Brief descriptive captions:
= Beginning of Section =

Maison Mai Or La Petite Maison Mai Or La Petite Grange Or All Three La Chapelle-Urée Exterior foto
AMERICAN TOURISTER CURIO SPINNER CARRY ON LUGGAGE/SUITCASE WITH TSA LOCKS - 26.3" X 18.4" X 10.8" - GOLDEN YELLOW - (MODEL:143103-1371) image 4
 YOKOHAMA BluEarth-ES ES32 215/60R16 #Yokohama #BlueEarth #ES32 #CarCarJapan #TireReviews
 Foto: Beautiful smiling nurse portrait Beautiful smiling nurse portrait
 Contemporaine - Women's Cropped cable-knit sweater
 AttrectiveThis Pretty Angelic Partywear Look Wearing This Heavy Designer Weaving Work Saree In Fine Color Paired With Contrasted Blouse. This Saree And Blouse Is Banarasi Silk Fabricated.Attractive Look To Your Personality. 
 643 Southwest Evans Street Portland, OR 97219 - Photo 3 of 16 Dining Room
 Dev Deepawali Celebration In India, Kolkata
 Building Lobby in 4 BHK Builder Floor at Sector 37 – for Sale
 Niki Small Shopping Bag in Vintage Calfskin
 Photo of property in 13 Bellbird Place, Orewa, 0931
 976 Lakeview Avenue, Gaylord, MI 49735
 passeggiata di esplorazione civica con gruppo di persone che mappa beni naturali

= End of Section =

About this task: Start at the line containing "Dev Deepawali Celebration In India, Kolkata" and transcribe through the end of the entries. Please keep both ends and add nothing.

Response below:
 Dev Deepawali Celebration In India, Kolkata
 Building Lobby in 4 BHK Builder Floor at Sector 37 – for Sale
 Niki Small Shopping Bag in Vintage Calfskin
 Photo of property in 13 Bellbird Place, Orewa, 0931
 976 Lakeview Avenue, Gaylord, MI 49735
 passeggiata di esplorazione civica con gruppo di persone che mappa beni naturali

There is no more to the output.